● **Exercise description**
Your transcription must include every record word for word and no pictures.

Captioned web image data:
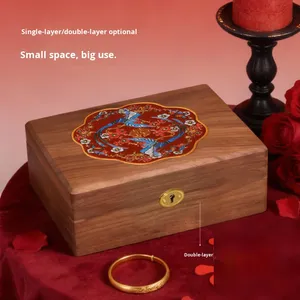 Caja <span class=keywords><strong>de</strong></span> Joyería <span class=keywords><strong>de</strong></span> Nogal Estilo Chino Pintada a Mano, Doble Luan, <span class=keywords><strong>para</strong></span> Novia, Regalo <span class=keywords><strong>para</strong></span> Recién Casada - Product Image 2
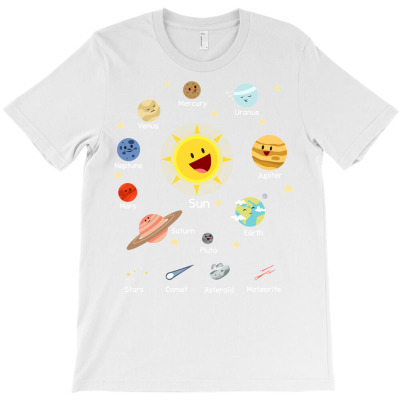 Solar System With Sun, Planets, Comets And Earth Long Sleeve T Shirt T-shirt Designed By Darelychilcoat1989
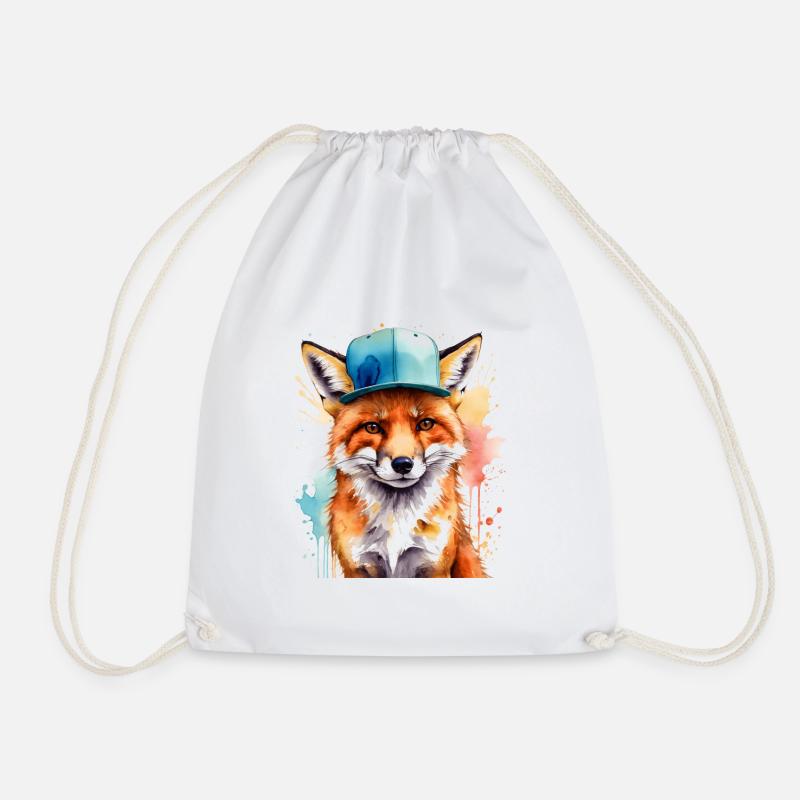 Fuchs Snapback Cap Cool Tier Design Print - Turnbeutel - Weiß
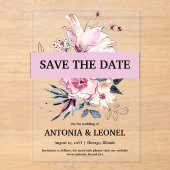 Plum Pink Floral Wedding Sla de datum op Acryl Uitnodigingen (Voorkant)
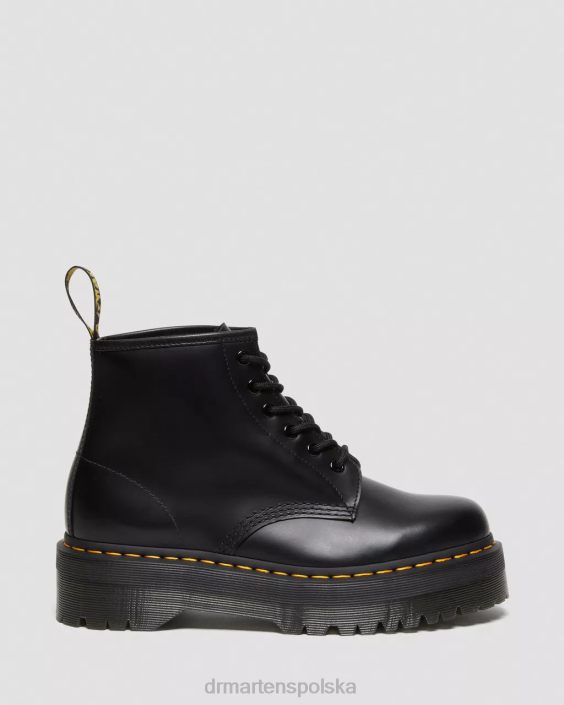 obuwie czarny gładki F28B140 Botki na platformie z gładkiej skóry 101 kobiety Dr. Martens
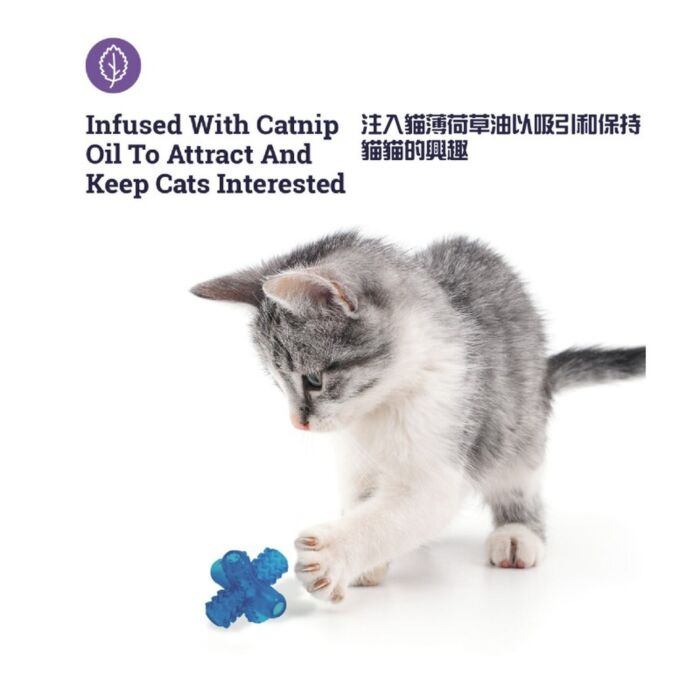 Petstages 貓玩具 - 貓草藍十字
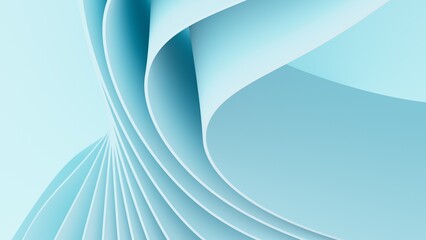 Abstract wavy curved 3d render. Blue soft layers of plastic with lines, folds, ruffles. Modern wallpaper, texture pattern.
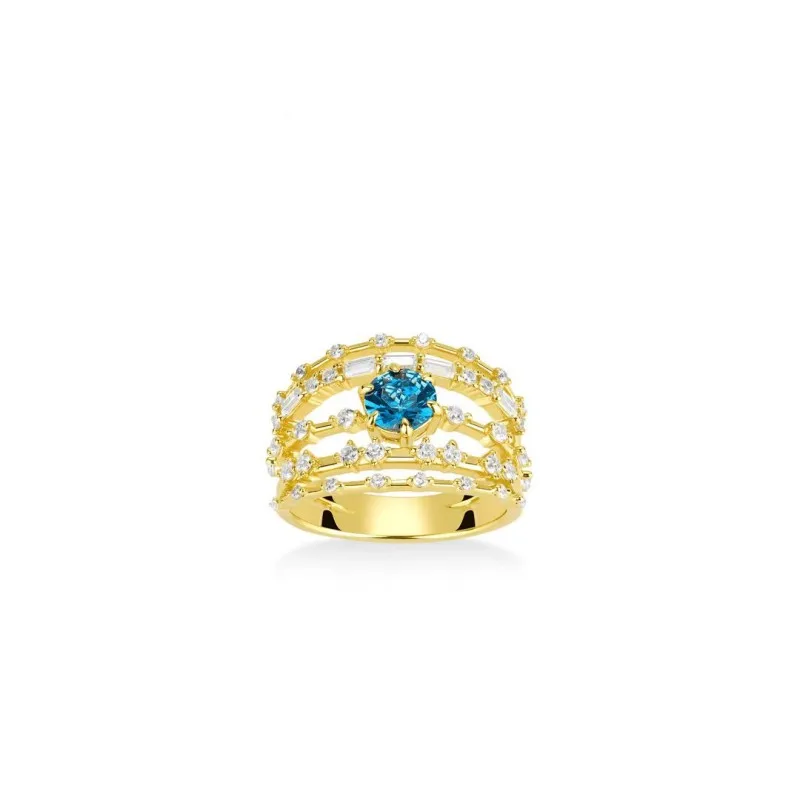 

ZOCA Classic Engagement Wedding Ring 925 Sterling Silver Yellow Gold Plated for Women Hollow Round Cut Diamond Band Jewelry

● **Exercise answer**
 Caja <span class=keywords><strong>de</strong></span> Joyería <span class=keywords><strong>de</strong></span> Nogal Estilo Chino Pintada a Mano, Doble Luan, <span class=keywords><strong>para</strong></span> Novia, Regalo <span class=keywords><strong>para</strong></span> Recién Casada - Product Image 2
 Solar System With Sun, Planets, Comets And Earth Long Sleeve T Shirt T-shirt Designed By Darelychilcoat1989
 Fuchs Snapback Cap Cool Tier Design Print - Turnbeutel - Weiß
 Plum Pink Floral Wedding Sla de datum op Acryl Uitnodigingen (Voorkant)
 obuwie czarny gładki F28B140 Botki na platformie z gładkiej skóry 101 kobiety Dr. Martens
 Petstages 貓玩具 - 貓草藍十字
 Abstract wavy curved 3d render. Blue soft layers of plastic with lines, folds, ruffles. Modern wallpaper, texture pattern.

ZOCA Classic Engagement Wedding Ring 925 Sterling Silver Yellow Gold Plated for Women Hollow Round Cut Diamond Band Jewelry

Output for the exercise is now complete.